RECORDS FOR THIS TASK

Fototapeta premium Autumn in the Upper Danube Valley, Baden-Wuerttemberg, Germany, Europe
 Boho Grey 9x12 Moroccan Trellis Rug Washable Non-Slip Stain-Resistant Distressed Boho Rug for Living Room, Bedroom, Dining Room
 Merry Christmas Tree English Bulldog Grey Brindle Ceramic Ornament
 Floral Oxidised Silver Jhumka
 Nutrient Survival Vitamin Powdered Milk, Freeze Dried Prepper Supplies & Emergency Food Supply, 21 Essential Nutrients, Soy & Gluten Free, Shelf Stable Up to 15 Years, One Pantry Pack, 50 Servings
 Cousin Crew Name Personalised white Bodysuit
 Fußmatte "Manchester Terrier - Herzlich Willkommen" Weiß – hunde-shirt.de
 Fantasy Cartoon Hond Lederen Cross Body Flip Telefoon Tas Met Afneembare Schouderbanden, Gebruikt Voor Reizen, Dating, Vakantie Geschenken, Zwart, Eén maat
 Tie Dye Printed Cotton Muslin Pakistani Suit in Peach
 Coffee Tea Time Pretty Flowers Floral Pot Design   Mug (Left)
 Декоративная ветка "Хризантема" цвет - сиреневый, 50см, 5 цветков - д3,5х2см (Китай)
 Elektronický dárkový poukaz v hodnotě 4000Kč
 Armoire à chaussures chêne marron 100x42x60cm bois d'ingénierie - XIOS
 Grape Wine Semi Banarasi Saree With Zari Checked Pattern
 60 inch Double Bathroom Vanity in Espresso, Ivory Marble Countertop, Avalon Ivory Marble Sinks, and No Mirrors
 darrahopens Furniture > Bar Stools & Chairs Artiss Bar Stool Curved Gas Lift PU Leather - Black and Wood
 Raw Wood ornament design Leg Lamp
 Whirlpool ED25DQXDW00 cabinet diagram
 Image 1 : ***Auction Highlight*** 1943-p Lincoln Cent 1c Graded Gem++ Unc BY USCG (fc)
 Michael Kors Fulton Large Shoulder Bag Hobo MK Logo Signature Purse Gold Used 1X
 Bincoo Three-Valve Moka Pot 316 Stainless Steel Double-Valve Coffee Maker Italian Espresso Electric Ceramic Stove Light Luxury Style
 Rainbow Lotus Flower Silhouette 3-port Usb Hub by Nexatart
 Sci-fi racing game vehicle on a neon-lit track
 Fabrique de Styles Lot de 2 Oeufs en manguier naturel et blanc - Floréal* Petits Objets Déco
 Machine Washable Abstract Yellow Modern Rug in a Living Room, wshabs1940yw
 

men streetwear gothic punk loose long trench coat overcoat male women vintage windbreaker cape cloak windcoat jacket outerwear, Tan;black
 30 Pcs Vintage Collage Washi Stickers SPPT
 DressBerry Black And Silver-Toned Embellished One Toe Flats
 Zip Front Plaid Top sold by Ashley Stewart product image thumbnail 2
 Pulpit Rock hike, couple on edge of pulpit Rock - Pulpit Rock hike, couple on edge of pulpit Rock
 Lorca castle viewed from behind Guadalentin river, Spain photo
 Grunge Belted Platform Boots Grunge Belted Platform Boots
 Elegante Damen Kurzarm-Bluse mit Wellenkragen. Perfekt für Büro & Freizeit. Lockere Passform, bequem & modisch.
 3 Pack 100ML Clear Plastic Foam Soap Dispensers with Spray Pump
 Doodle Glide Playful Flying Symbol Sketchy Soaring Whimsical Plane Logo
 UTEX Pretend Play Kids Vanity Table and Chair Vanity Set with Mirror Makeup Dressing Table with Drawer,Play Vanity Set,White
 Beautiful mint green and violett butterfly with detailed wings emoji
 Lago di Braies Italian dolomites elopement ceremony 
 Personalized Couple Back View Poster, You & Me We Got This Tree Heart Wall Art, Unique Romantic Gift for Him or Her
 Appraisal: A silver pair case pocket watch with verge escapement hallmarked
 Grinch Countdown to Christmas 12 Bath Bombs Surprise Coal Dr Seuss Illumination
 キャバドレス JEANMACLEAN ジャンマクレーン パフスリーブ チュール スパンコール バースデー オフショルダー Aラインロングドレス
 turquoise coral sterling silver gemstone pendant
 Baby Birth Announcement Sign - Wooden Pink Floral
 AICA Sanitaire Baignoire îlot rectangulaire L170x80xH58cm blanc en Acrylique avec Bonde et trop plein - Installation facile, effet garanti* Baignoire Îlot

PROBLEM DETAILS
Output should match, line for line, the stretch of the material above from the line holding "Boho Grey 9x12" through the line holding "Floral Oxidised Silver Jhumka".

EXERCISE RESULT
 Boho Grey 9x12 Moroccan Trellis Rug Washable Non-Slip Stain-Resistant Distressed Boho Rug for Living Room, Bedroom, Dining Room
 Merry Christmas Tree English Bulldog Grey Brindle Ceramic Ornament
 Floral Oxidised Silver Jhumka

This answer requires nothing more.